Über den deutlichen Effekt von Antipsychotika der zweiten Generation (second generation antipsychotics/SGA) auf eine Gewichtszunahme habe ich bereits im Blog hingewiesen. In einem neuen Artikel von Melissa Blouin und Mitarbeitern der Laval University in Quebec City, in der August-Ausgabe von OBESITY erschienen, wird die Wirkung dieser Medikamente auf Appetit, Hunger, Sättigung, Esskontrolle und Nahrungsmittelpräferenzen bei Patienten unter SGA-Therapie (n=20) untersucht und mit Kontrollen (n=18) verglichen.
Nach einem standardisierten Frühstück hatten Patienten unter SGA-Therapie mehr Hunger, kontrollierten sich bewusster bei der Nahrungsaufnahme, empfanden eine geringere Disinhibition und ein stärkeres Hungergefühl als die Kontrollen. Im Gegensatz zu den Kontrollen war die Disinhibition bei den Patienten unter SGA im Wesentlichen von inneren Triggern ausgelöst. Obwohl Patienten unter SGA ein stärkeres strategisches Beherrschungsverhalten zeigten, berichteten sie über ein geringeres Sättigungsgefühl nach einer Buffet-Mahlzeit. Bei den Nahrungsmittelpräferenzen wurden keine Unterschiede gesehen.
Diese Studie hat einige interessante Blickwinkel. Die SGA-behandelten Patienten waren nicht nur sensibler gegenüber dem Hungergefühl, sondern sie kontrollierten auch bewusster ihre Nahrungsaufnahme, möglicherweise als eine Strategie zur Gewichtskontrolle. Das erklärt natürlich teilweise die Tatsache, dass sie sich nach einer Mahlzeit weniger satt fühlten als die Kontrollen.
Es ist bekannt, dass eine bewusste Zurückhaltung, das freiwillige Einschränken der Nahrungsaufnahme, eine Tendenz zum Zuviel-Essen bis hin zum suchtartigen Essen nach sich zieht, sobald die Restriktionen aufgehoben werden (z.B. soziale „Enthemmung“). Das Endergebnis ist paradoxerweise ein Gewichts(wieder)anstieg. Dieses gegenregulatorische Phänomen wurde von Janet Polivy (University of Toronto) eingehend beschrieben und zeigt im Wesentlichen, dass Nahrungsentzug bei Menschen, die sich einer Diät unterziehen (erzielt mit bewusster Nahrungsrestriktion) eine Neigung zum Zuvielessen nach sich zieht, und dies erklärt, warum eine langfristige Diät für kontrolliert Essende nicht funktioniert. Mit anderen Worten: Der Versuch, einfach weniger zu essen, um die Adipositas zu behandeln, ist zum Scheitern verurteilt!
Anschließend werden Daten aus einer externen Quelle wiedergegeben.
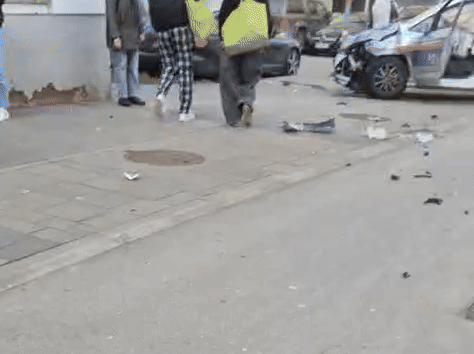 Kollision in Wien! Polizeiauto ist nach einem Verkehrsunfall ein Totalschaden.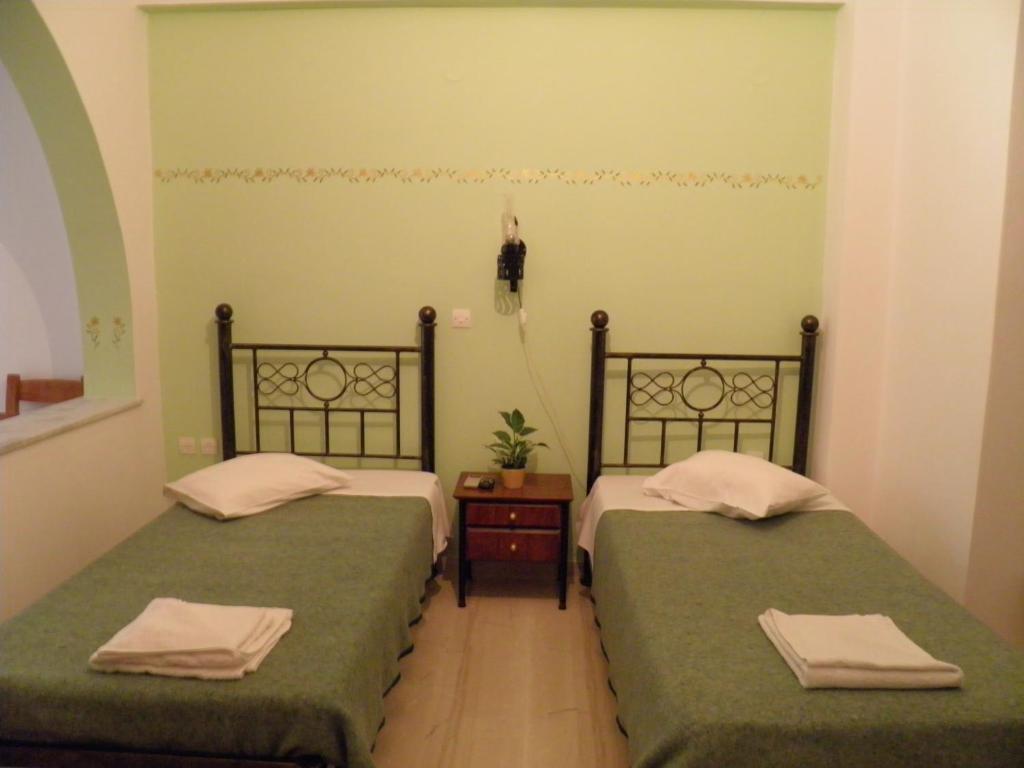 Mirsini Pansion Otel Karterados  Dış mekan fotoğraf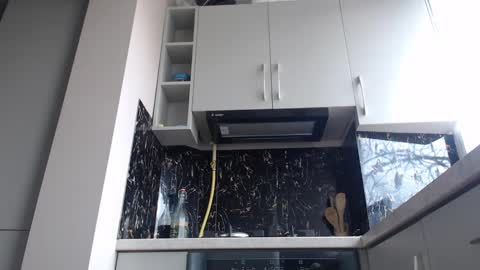 Snapshot of qeeensgambit chatting on 01-13-25, 09:19 Milana online show from 01-13-25, 09:19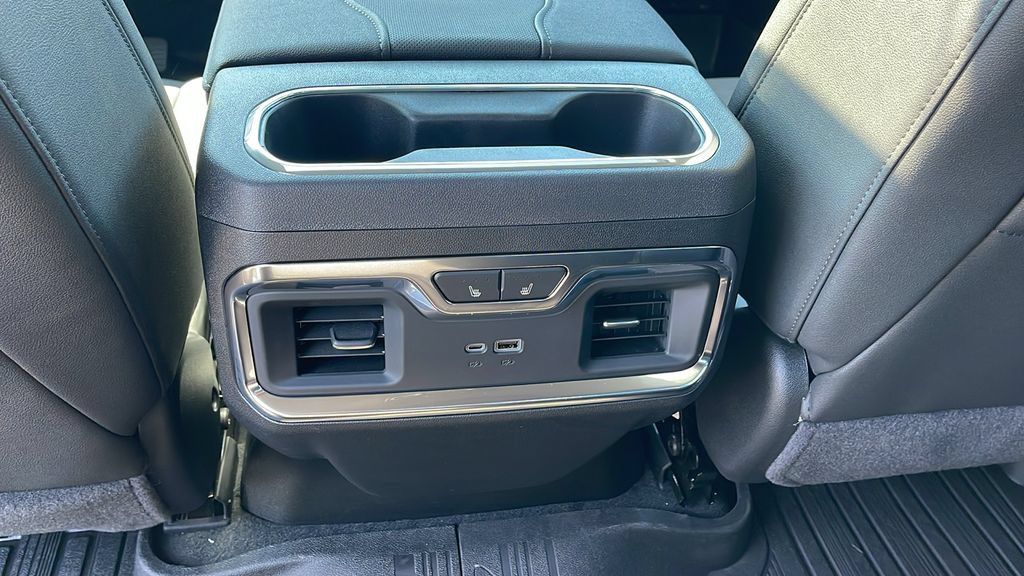 New 2026 GMC Sierra 2500 SLT w/ SLT Premium Package AWD/4WD image 18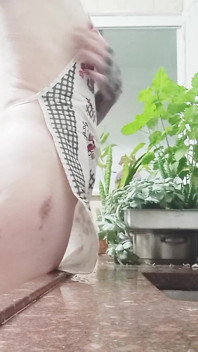 Ama de casa trans corriéndose en la cocina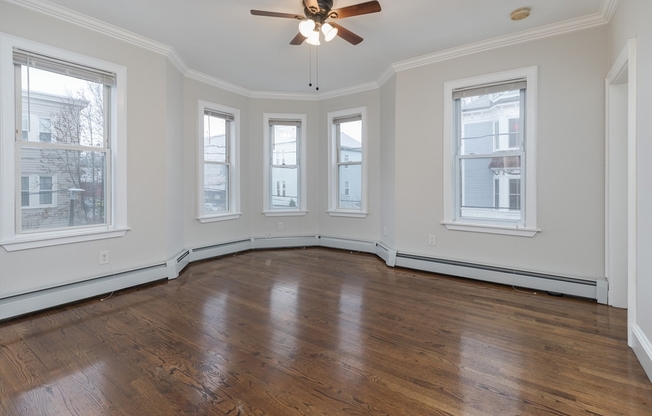 166 BOYLSTON ST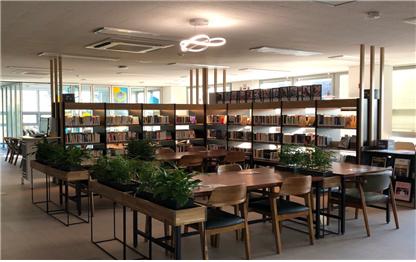 금천구 시흥3동 동네방네 마을이음센터 2층에 위치한 ‘꿈꾸는 작은도서관’ 내부 모습.(사진=금천구)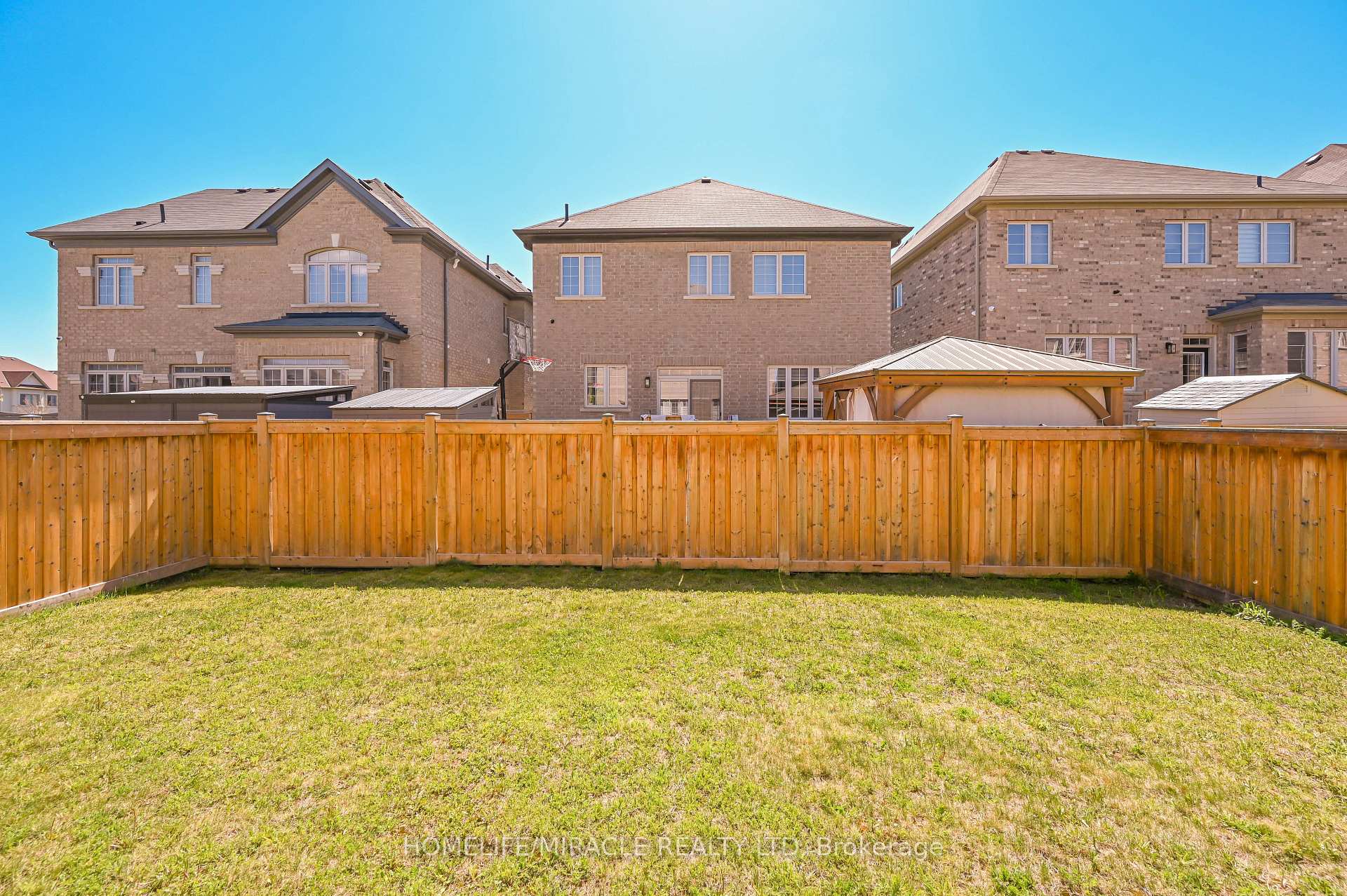 Photo 46 of 4 Camston Road, Brampton, Toronto Gore Rural Estate — HOMEH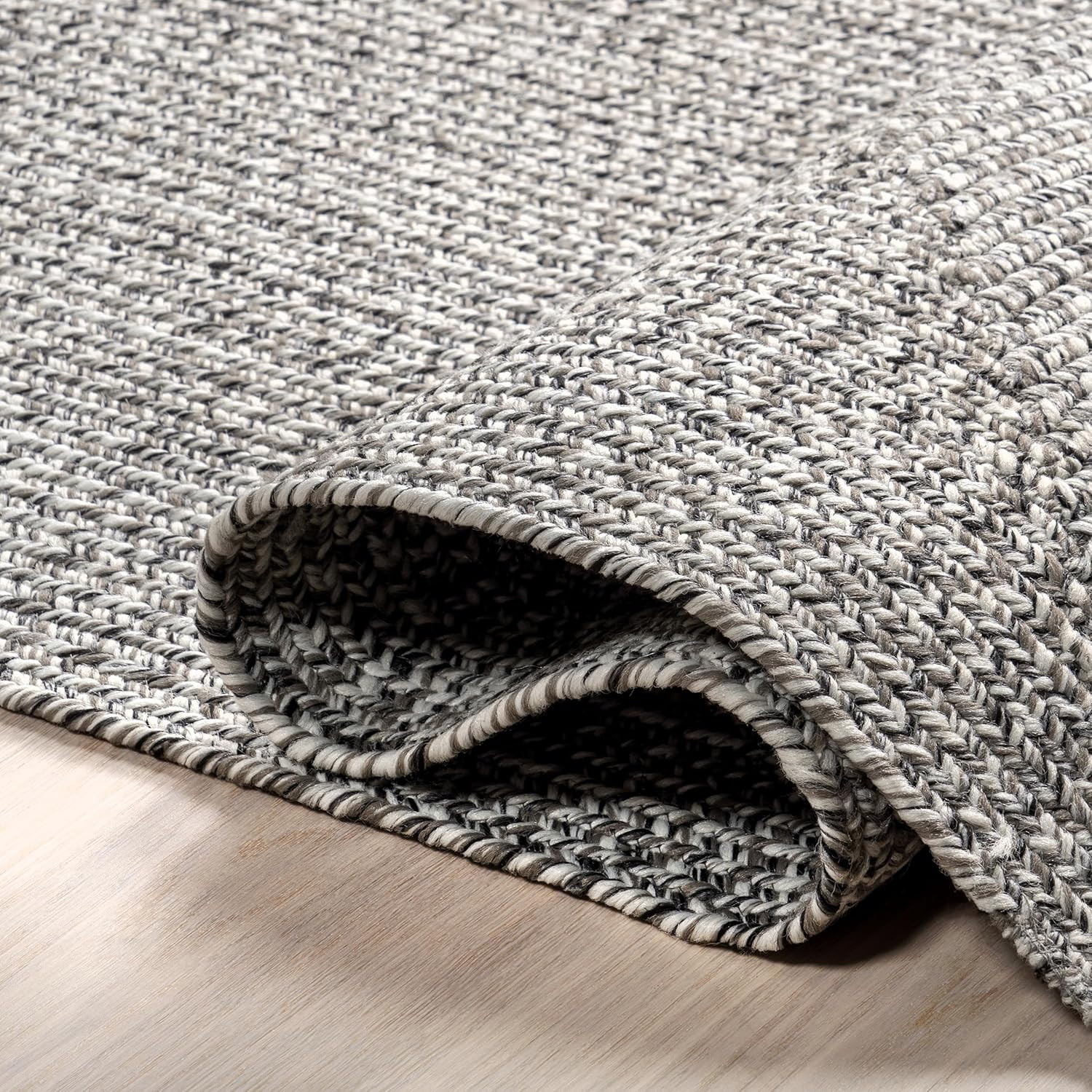 nuLOOM 6' Round Solid Hand Braided Indoor/Outdoor Area Rug, Pet-Friendly, High Traffic, Weather Resistant, for Patio, Balcony, Bedroom, Living, Dining Room, Wynn Salt and Pepper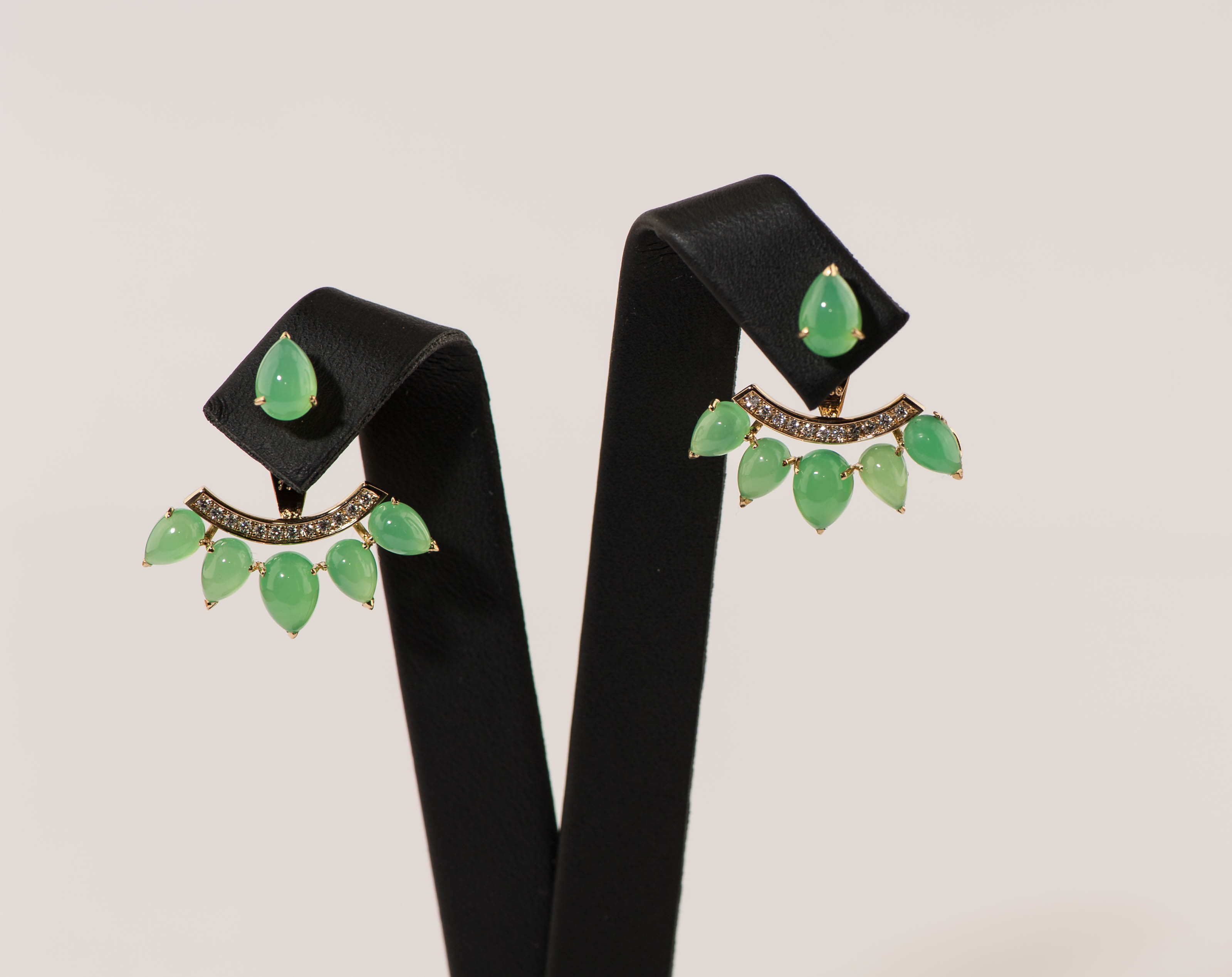 Chrysoprase and diamonds earrings.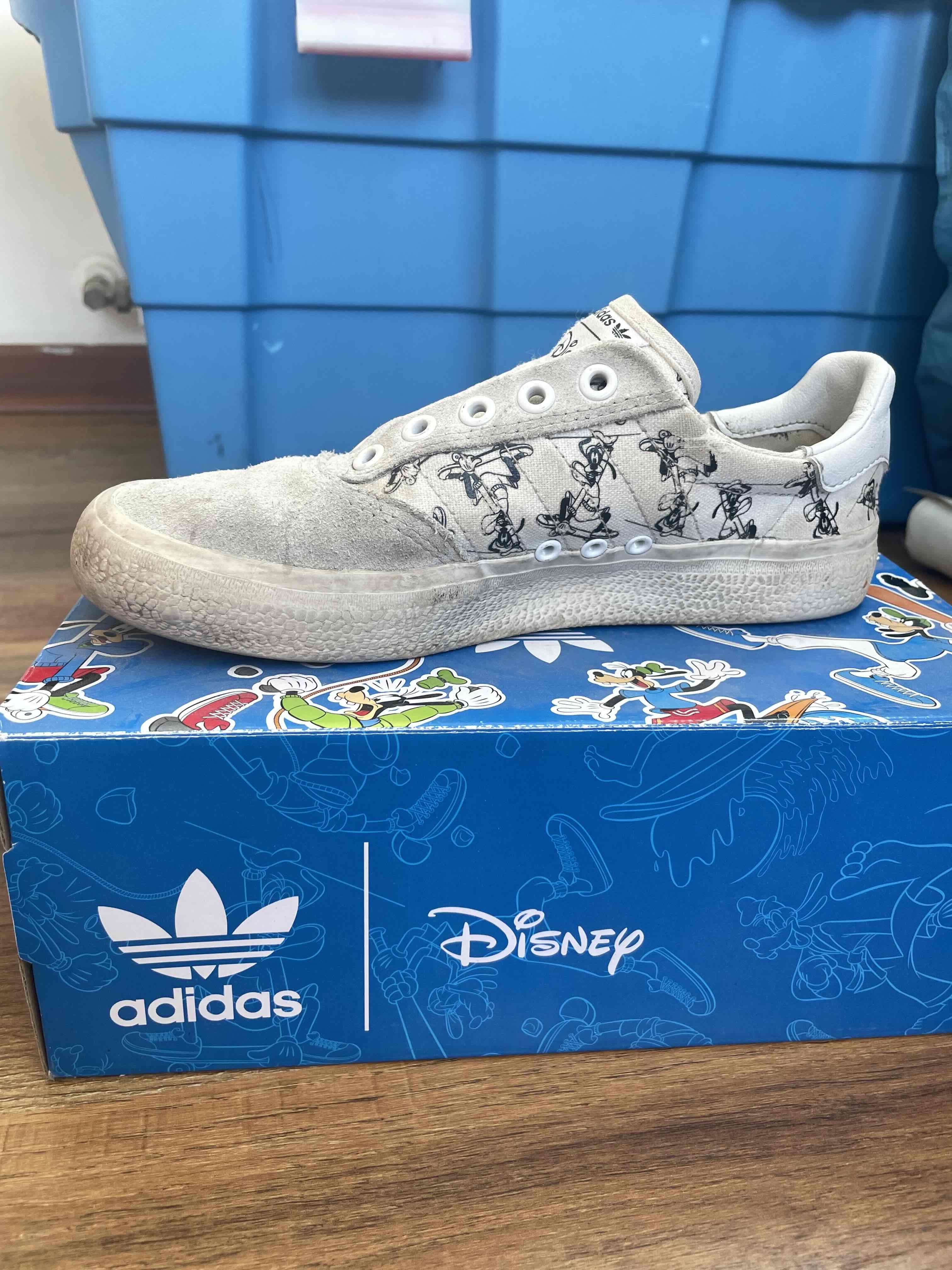 Zapatillas Disney Adidas - miniatura 1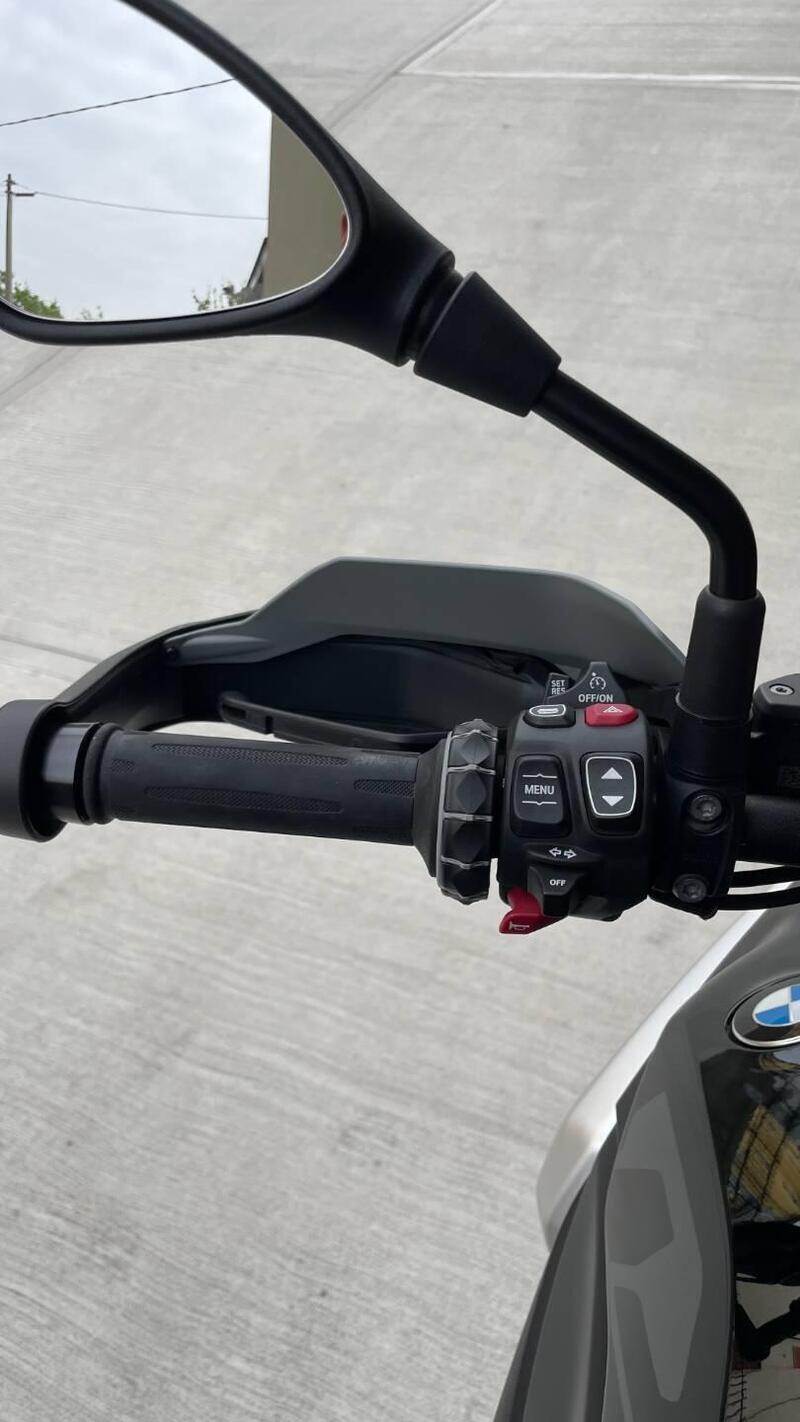 Bmw R 1300 GS Triple Black (2023 - 26) (3)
Aus humanitärer Sicht scheinen die Patienten unter SGA-Therapie in einem Teufelskreis gefangen: Die Antipsychotika verändern das Essverhalten in Richtung höheres Gewicht – die Patienten versuchen, eine weitere Zunahme zu verhindern, indem sie bewusst ihre Nahrungsaufnahme einschränken – sie fühlen sich weniger gut gesättigt und essen schließlich noch mehr.
Kompliziert!
Wir wissen aus dieser Studie noch nicht, ob das abweichende Verhalten der Patienten an ihrer Medikation liegt oder an der Grundkrankheit. Eine dritte Gruppe von Probanden, deren Psychose mit älteren Antipsychotika behandelt wird, hätte diese Frage beantworten können.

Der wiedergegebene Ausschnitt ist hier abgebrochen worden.